The ballots have been cast and the results show the majority of MLAs do not have confidence in Louis Sebert as a cabinet minister.
Those were the results of a secret vote held at the end of Thursday’s midterm review of cabinet members and the premier’s performance – the first to take place since the 12th assembly.
While the votes are non-binding, the expectation of many regular MLAs was that a minister who received a non-confidence vote would step down from their position.
However, that’s not how things were unfolding yesterday evening.
“I think all cabinet members have performed and worked very hard,” Premier Bob McLeod told media following the announcement of the results. “I can’t force anyone to resign.
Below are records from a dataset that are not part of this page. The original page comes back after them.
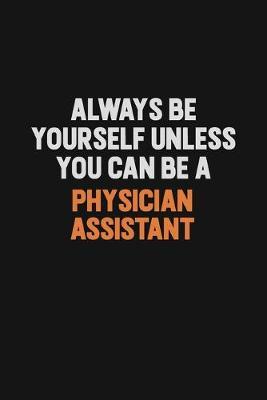 Always Be Yourself Unless You Can Be A Physician Assistant by Camila Cooper image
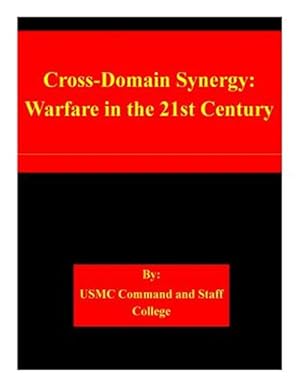 Seller image for Cross-domain Synergy : Warfare in the 21st Century for sale by GreatBookPrices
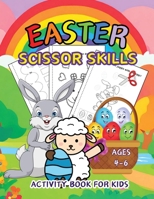 Easter Scissor Skills Activity Book for Kids: a Fun Color, Cut and Paste Workbook. Makes for a Great Gift or Easter Basket Stuffer B0GLJ5NPXF Book Cover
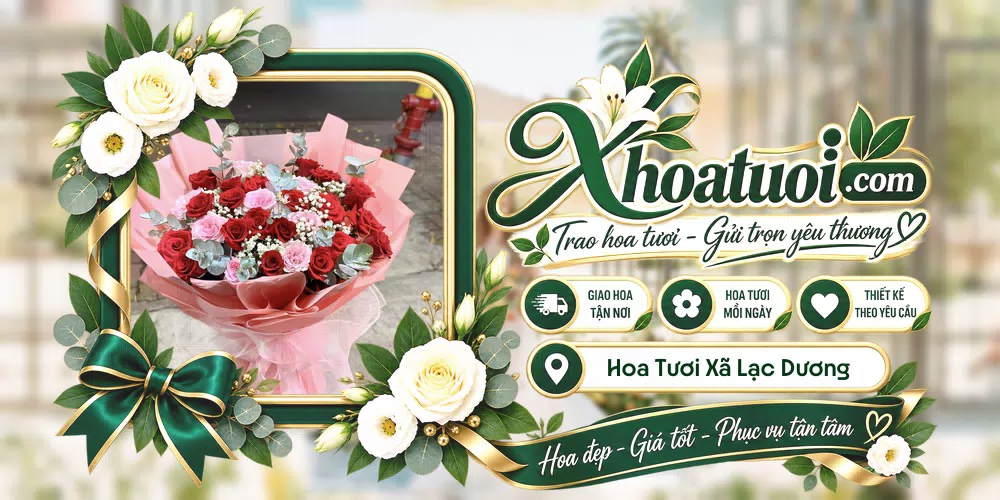 Hoa tươi Xã Lạc Dương, Lâm Đồng giao tận nơi và thiết kế theo yêu cầu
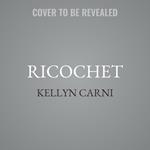 Ricochet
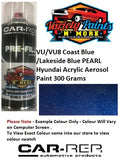 VU/VU8 Coast Blue /Lakeside Blue PEARL Hyundai ACRYLIC Aerosol Paint 300 Grams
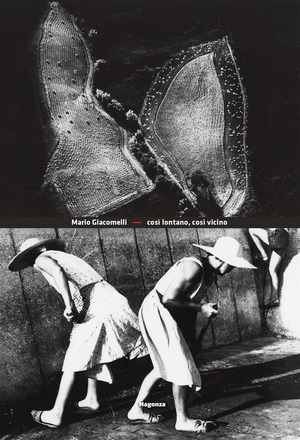 Mario Giacomelli. Così lontano, così vicino
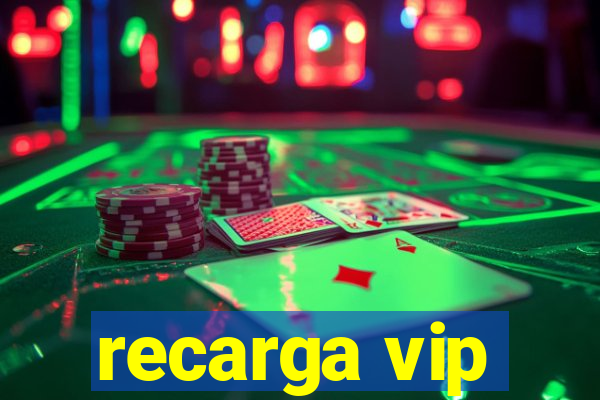 recarga vip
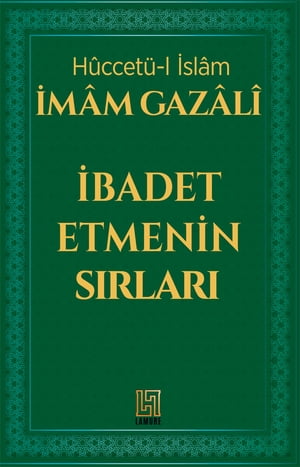 İBADET ETMENİN SIRLARI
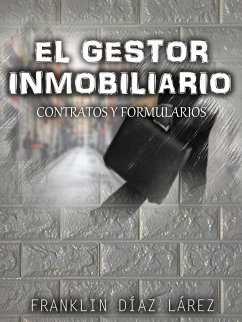 Cover El Gestor Inmobiliario: Contratos y formularios (eBook, ePUB)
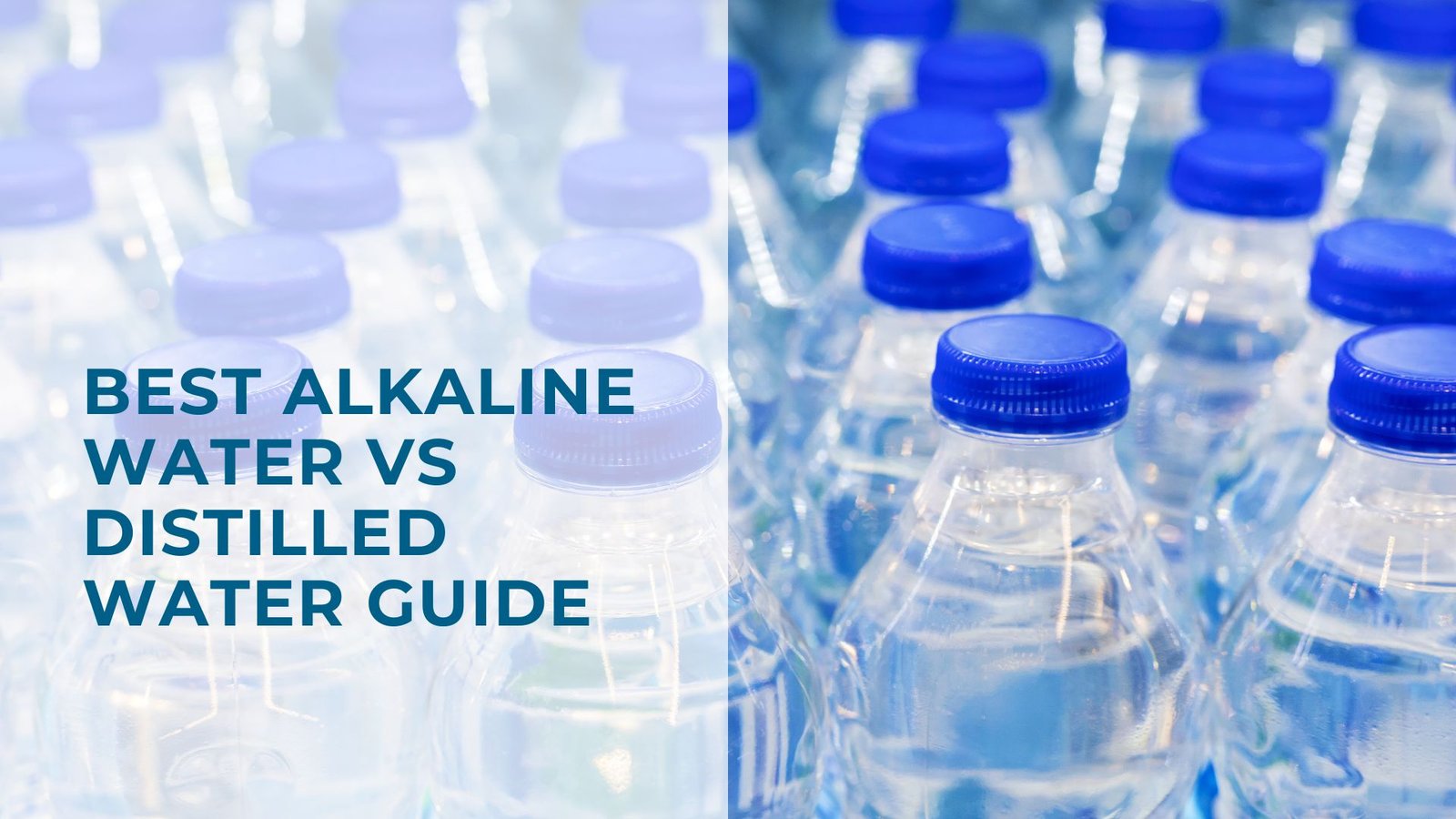 Alkaline vs distilled water guide with clear plastic bottles and blue caps on a contrasting background.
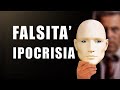 FALSITA' E IPOCRISIA | qualche spunto per riconoscerle e interpretarle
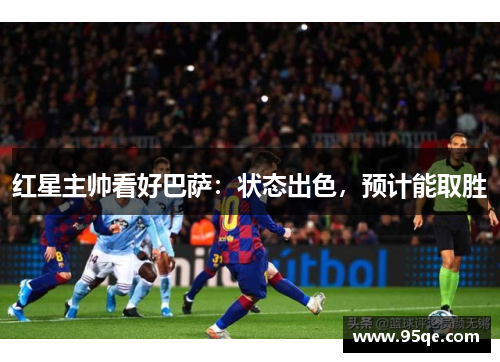 红星主帅看好巴萨：状态出色，预计能取胜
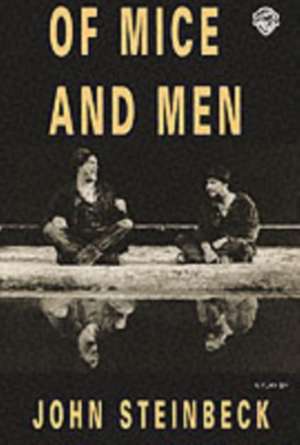 Of Mice and Men de John Steinbeck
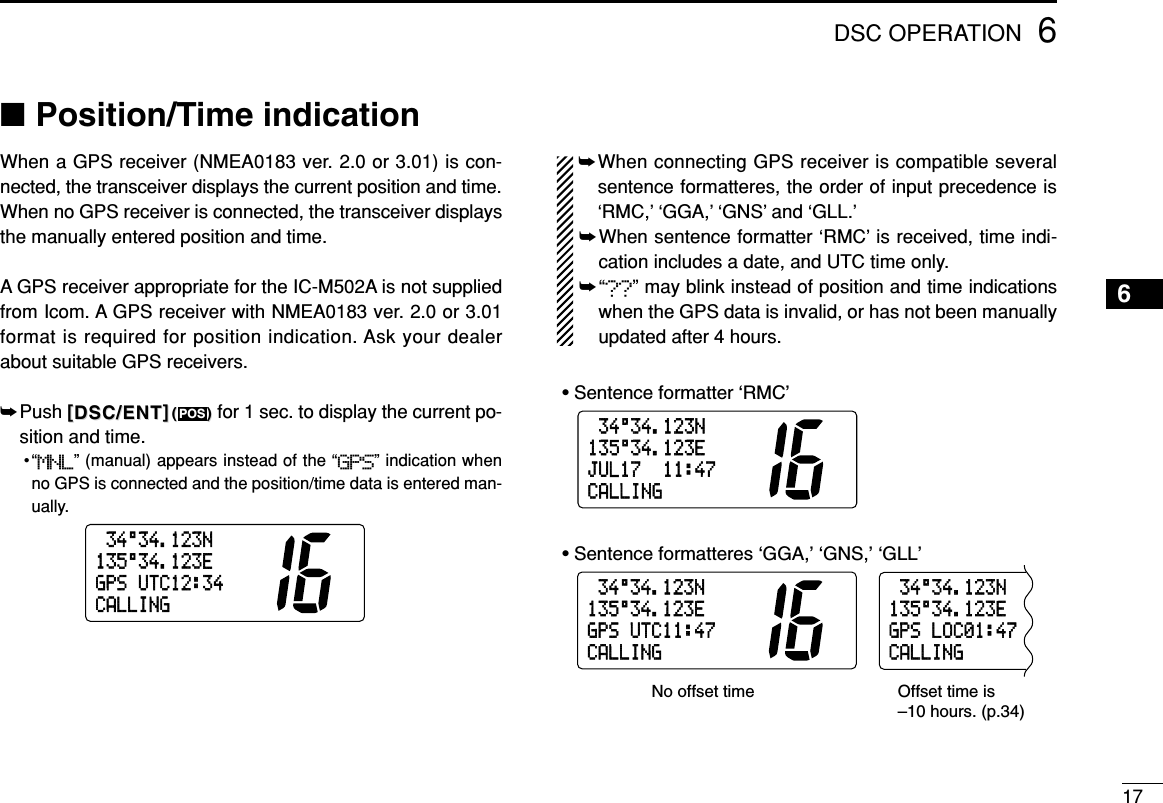 176DSC OPERATION■Position/Time indicationWhen a GPS receiver (NMEA0183 ver. 2.0 or 3.01) is con-nected, the transceiver displays the current position and time.When no GPS receiver is connected, the transceiver displaysthe manually entered position and time.A GPS receiver appropriate for the IC-M502A is not suppliedfrom Icom. A GPS receiver with NMEA0183 ver. 2.0 or 3.01format is required for position indication. Ask your dealerabout suitable GPS receivers.➥Push [[DSC/ENTDSC/ENT]](())for 1 sec. to display the current po-sition and time.•“MNL” (manual) appears instead of the “GPS” indication whenno GPS is connected and the position/time data is entered man-ually.➥When connecting GPS receiver is compatible severalsentence formatteres, the order of input precedence is‘RMC,’ ‘GGA,’ ‘GNS’ and ‘GLL.’➥When sentence formatter ‘RMC’ is received, time indi-cation includes a date, and UTC time only. ➥“??” may blink instead of position and time indicationswhen the GPS data is invalid, or has not been manuallyupdated after 4 hours.34°34.123N135°34.123EJUL1711:47CALLING34°34.123N135°34.123EGPSUTC11:47CALLING34°34.123N135°34.123EGPSLOC01:47CALLING• Sentence formatter ‘RMC’• Sentence formatteres ‘GGA,’ ‘GNS,’ ‘GLL’No offset time Offset time is–10 hours. (p.34)34°34.123N135°34.123EGPSUTC12:34CALLINGPOS6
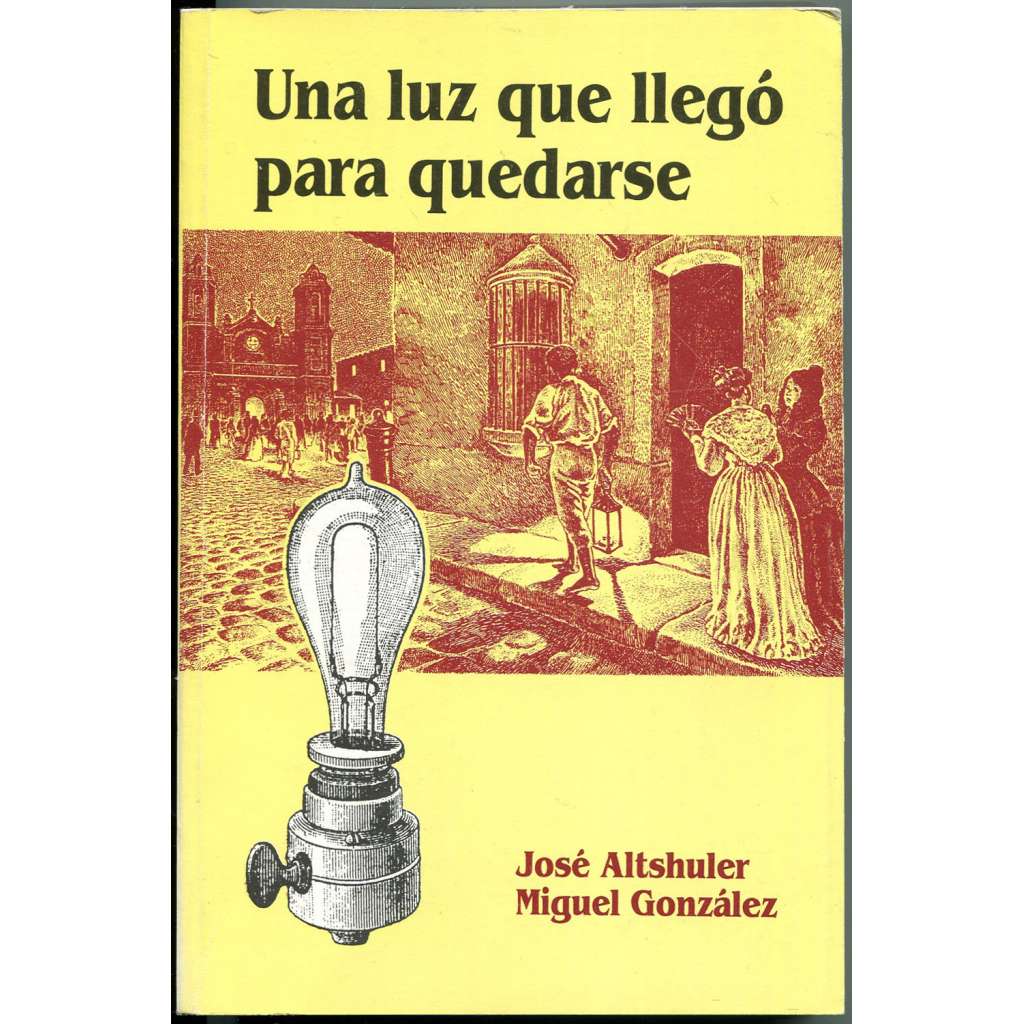 Una luz que llegó para quedarse ["Světlo, které zůstalo"; elektrifikace; osvětlení; dějiny techniky, vědy, Kuby; Kuba]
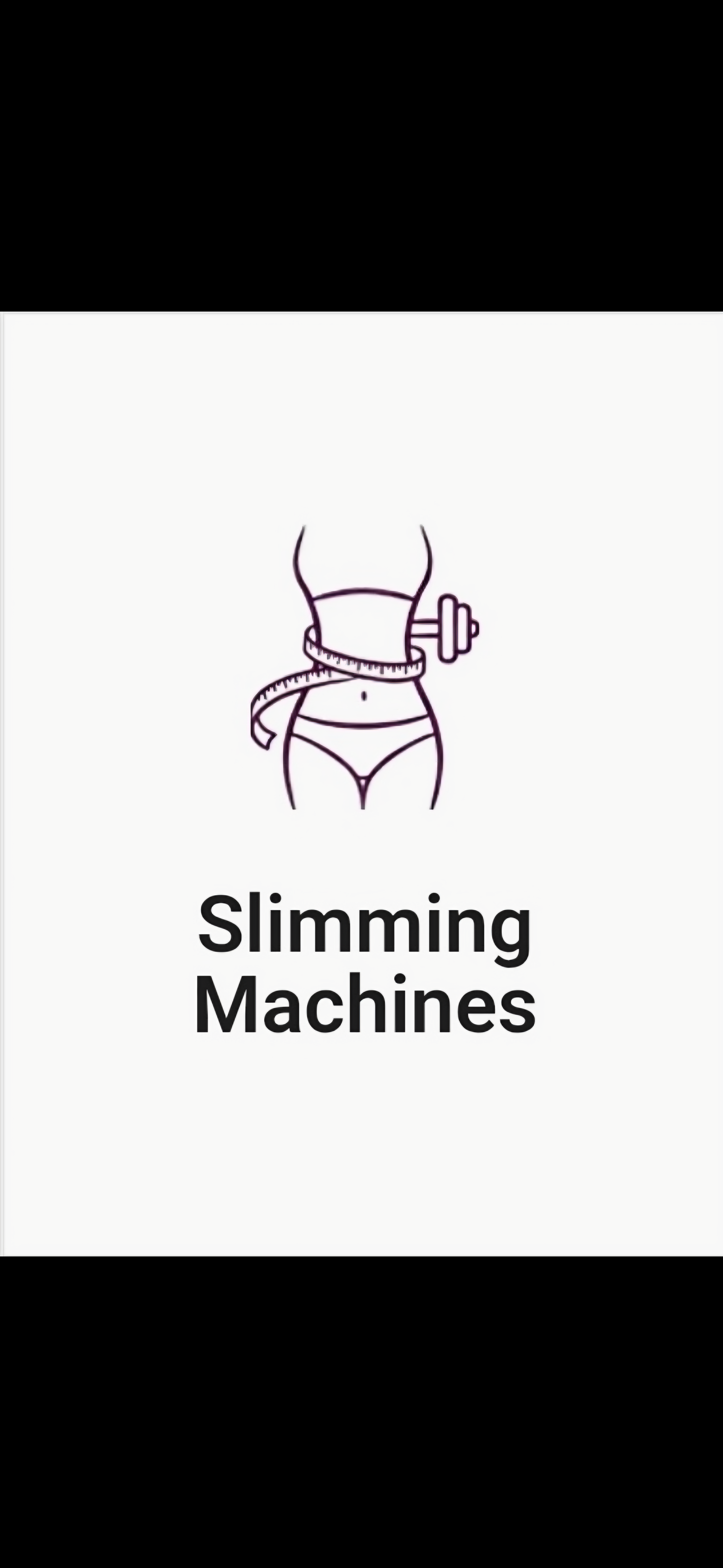 Slimming machines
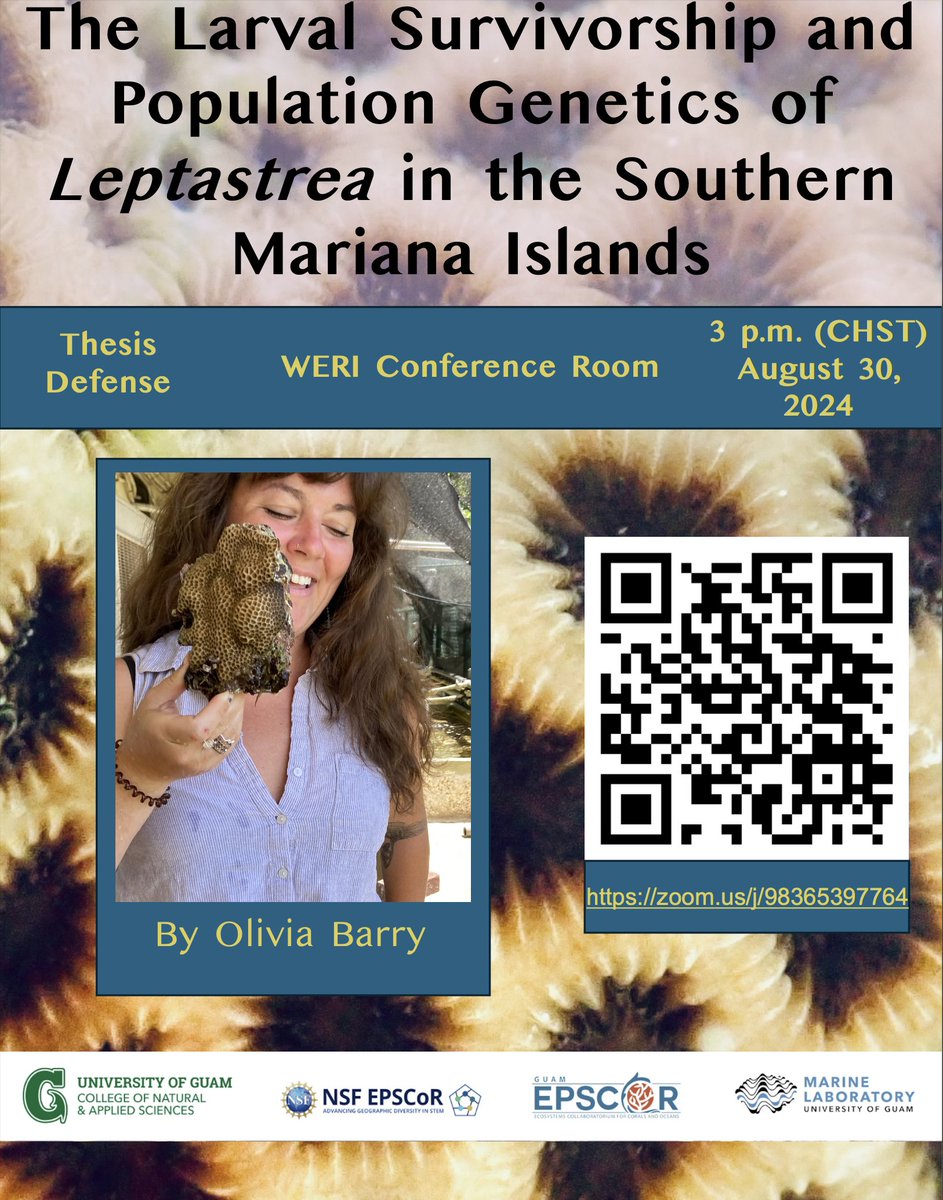 Join us 8/30/24 ChST &amp; support Guam NSF EPSCoR Graduate Assistant Olivia Barry as she presents her thesis proposal, "The Larval Survivorship and Population Genetics of Leptastrea in the Southern Mariana Islands". 

Location: WERI Conference Room
Zoom: zoom.us/j/98365397764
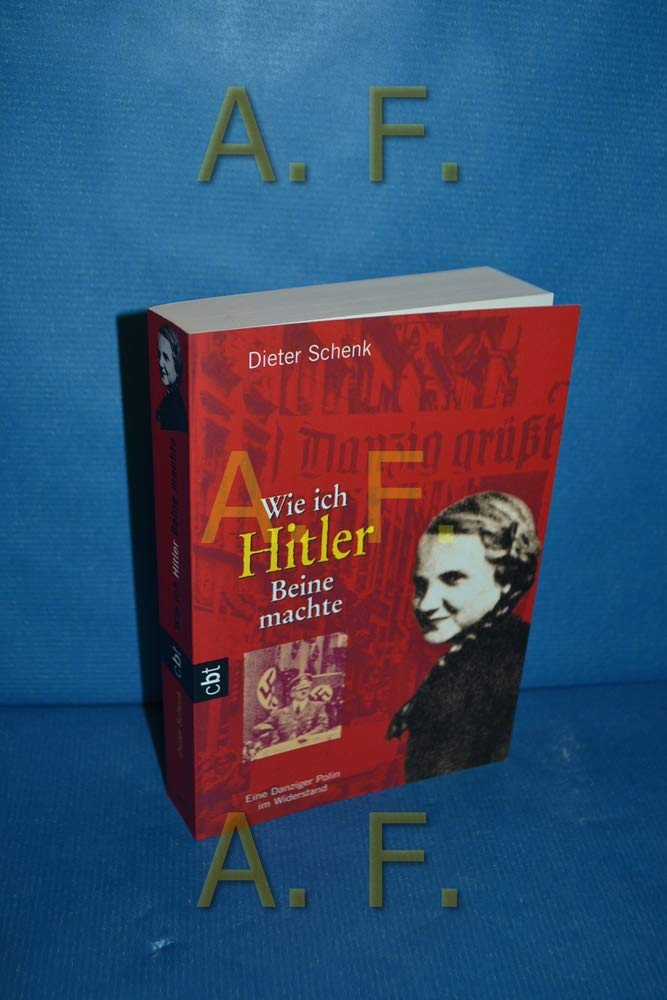 Wie ich Hitler Beine machte Fantasy & Sci-Fi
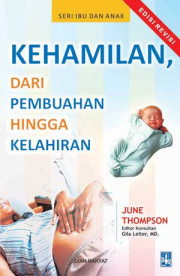 KEHAMILAN, DARI PEMBUAHAN HINGGA KELAHIRAN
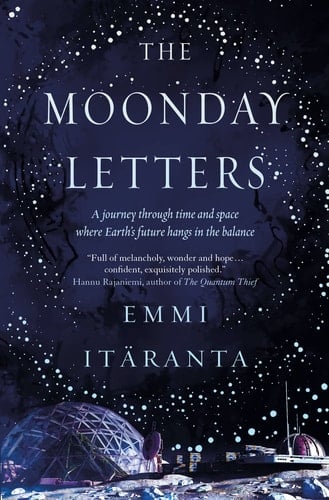 The Moonday Letters - Emmi Itäranta · 2022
They can only be replaced by a motion of revocation.”
Early in the day – which involved nearly nine hours of speeches, questioning and short breaks in between – cabinet ministers unanimously declared they would not resign from their executive roles if handed a vote of non-confidence.
Their statements came in response to a question from Hay River North MLA R.J. Simpson, who boldly asked whether cabinet would step aside or defy the secret vote and force members to remove them.
“If I get a vote of non-confidence, I would want to see who actually believes that I need to step down,” said Caroline Cochrane, minister of Municipal and Community Affairs. “To step down is not what I came for.”
Many ministers shared the sentiment, stating they would want a public vote if members were to ask they be ousted from cabinet.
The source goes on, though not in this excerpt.